There are good reasons not to call an opponent’s argument “ridiculous,” which is what State Farm calls Barbara Bennett’s principal argument here. The reasons include civility; the near-certainty that overstatement will only push the reader away (especially when, as here, the hyperbole begins on page one of the brief); and that, even where the record supports an extreme modifier, “the better practice is usually to lay out the facts and let the court reach its own conclusions.” But here the biggest reason is more simple: the argument that State Farm derides as ridiculous is instead correct.

Trolls. So. Hard.

Want to know the argument that set off the panel? “Like a Good Neighbor, State Farm is there… with a detailed explanation!

Nobody likes insurance companies. I’ve heard tell of one particular, prominent federal judge who tells clerks behind closed doors, “Whatever happens, the insurance company loses.”

Given the prevailing mood of the country, you’d think carriers would rein in the douchebaggery in their briefing. Instead, State Farm called out their opponent’s argument as “ridiculous” — and the Sixth Circuit treated the insurance giant to a segment of “When Keeping It Real Goes Wrong.

Barbara Bennett was out walking her dog when she got hit by a car. A car insured by State Farm. Since the driver of the car was at fault, Bennett went to collect from State Farm. But State Farm’s policy only covered occupants of the car. Bennett argued that, to the extent the accident threw her onto the hood of the car like she was in a Whitesnake video, she was an occupant of the vehicle. That does sound a little ridiculous.

But the problem for State Farm is that the Sixth Circuit read the definitions in the policy.

Here, as a matter of ordinary English usage, one might be skeptical that Bennett was an “occupant” of the Fusion during the time she was on its hood. Occupants are normally inside vehicles, not on them. But the parties to a contract can define its terms as they wish; and State Farm has done so here. Its policy for the Fusion defines “occupying” as “in, on, entering or alighting from.” And the parties have stipulated that Bennett was on the Fusion—specifically, on its hood—and that she “suffered further bodily injuries” while she was there.

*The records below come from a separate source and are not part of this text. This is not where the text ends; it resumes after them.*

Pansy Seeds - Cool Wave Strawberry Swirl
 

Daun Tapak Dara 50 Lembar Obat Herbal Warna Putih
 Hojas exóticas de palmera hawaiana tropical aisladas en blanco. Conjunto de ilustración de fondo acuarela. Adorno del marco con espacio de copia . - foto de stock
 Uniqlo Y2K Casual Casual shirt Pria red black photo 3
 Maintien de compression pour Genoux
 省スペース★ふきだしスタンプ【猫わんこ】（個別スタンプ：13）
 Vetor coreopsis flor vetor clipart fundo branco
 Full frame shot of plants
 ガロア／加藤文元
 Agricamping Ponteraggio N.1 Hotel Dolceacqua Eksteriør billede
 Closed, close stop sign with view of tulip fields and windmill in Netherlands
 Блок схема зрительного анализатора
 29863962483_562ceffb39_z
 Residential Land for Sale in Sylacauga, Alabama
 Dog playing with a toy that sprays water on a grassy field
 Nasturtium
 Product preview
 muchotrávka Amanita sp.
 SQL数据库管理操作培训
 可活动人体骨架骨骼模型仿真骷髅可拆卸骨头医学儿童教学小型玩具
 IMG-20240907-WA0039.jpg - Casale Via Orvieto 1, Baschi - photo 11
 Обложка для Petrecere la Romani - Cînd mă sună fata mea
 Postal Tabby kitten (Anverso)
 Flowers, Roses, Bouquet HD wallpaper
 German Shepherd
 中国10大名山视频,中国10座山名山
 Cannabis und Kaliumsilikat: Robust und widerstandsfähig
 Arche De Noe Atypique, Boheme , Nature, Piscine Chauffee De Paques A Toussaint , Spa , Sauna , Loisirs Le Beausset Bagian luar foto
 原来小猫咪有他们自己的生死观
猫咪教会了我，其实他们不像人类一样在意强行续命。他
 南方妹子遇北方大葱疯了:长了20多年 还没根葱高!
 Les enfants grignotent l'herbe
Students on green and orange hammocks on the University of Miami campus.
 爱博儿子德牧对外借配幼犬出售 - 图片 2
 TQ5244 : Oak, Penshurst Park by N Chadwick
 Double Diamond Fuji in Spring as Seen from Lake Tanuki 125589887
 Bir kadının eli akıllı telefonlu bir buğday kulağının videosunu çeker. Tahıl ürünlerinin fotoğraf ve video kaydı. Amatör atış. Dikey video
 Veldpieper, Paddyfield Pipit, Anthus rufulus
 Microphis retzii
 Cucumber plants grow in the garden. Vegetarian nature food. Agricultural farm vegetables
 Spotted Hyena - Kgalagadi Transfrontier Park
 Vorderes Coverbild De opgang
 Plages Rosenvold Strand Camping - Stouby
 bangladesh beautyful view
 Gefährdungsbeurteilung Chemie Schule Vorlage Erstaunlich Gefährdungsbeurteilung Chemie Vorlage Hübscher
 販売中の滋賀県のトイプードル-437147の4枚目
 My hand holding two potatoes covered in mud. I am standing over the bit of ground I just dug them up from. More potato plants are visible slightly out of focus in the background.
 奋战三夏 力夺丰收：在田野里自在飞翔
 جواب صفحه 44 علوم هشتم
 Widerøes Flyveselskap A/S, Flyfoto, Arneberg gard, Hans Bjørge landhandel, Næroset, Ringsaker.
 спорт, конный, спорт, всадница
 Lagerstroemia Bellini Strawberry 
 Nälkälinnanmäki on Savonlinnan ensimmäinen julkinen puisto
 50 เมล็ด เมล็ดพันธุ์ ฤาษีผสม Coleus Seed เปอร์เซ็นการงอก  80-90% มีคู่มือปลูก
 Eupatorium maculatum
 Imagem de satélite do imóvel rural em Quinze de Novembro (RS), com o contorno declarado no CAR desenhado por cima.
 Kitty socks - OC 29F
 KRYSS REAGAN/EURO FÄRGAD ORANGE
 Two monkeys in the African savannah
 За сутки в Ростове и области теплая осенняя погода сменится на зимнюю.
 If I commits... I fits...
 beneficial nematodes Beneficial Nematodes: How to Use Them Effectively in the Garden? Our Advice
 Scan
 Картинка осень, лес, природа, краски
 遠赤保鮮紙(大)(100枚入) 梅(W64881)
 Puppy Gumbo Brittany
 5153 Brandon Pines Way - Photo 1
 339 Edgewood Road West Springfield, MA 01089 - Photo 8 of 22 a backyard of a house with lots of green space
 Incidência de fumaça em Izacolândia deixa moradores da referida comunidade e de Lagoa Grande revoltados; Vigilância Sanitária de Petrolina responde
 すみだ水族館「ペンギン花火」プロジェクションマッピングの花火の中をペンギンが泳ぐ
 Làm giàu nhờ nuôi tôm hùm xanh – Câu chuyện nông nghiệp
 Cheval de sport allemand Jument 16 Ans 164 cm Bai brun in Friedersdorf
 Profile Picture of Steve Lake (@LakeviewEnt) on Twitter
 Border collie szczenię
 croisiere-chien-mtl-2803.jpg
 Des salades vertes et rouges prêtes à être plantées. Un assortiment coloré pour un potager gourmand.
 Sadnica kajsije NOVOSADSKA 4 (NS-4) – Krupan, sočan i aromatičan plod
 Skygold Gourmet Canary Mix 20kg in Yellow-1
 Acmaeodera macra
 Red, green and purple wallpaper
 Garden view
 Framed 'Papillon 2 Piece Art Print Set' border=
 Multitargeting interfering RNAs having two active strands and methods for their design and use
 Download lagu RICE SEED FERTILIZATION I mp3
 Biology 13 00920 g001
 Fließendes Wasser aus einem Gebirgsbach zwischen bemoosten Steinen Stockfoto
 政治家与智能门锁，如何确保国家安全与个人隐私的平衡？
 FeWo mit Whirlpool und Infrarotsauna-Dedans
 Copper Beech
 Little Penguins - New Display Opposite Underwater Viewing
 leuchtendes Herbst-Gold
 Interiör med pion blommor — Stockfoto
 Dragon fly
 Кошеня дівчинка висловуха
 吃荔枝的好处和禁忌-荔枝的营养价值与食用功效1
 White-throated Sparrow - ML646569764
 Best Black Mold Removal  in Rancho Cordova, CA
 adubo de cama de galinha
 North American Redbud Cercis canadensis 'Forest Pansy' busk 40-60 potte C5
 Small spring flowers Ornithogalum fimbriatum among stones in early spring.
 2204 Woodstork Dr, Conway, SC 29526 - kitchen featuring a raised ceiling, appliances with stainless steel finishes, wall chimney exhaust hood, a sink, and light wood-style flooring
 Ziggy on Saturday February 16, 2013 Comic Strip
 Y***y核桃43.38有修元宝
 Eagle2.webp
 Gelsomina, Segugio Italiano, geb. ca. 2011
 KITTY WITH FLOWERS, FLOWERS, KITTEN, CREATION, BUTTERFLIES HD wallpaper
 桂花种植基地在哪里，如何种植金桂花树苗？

Bennett was almost certainly “on” the vehicle, as well as alighting from it at high speed when the driver slammed on the brakes. This is the problem with complex contracts: creating definitions that deviate from common meaning will almost always come back to haunt the drafter. Actually, State Farm knows a thing or two about how shoddy definitions can screw someone over. Check out the French model at the end of this video.

The lawyers getting the thorough lesson in civility are Richard Garner and Gregory Collins of Davis & Young. Cheer up, guys. I’m sure State Farm will cover the damages of the Sixth Circuit running you over.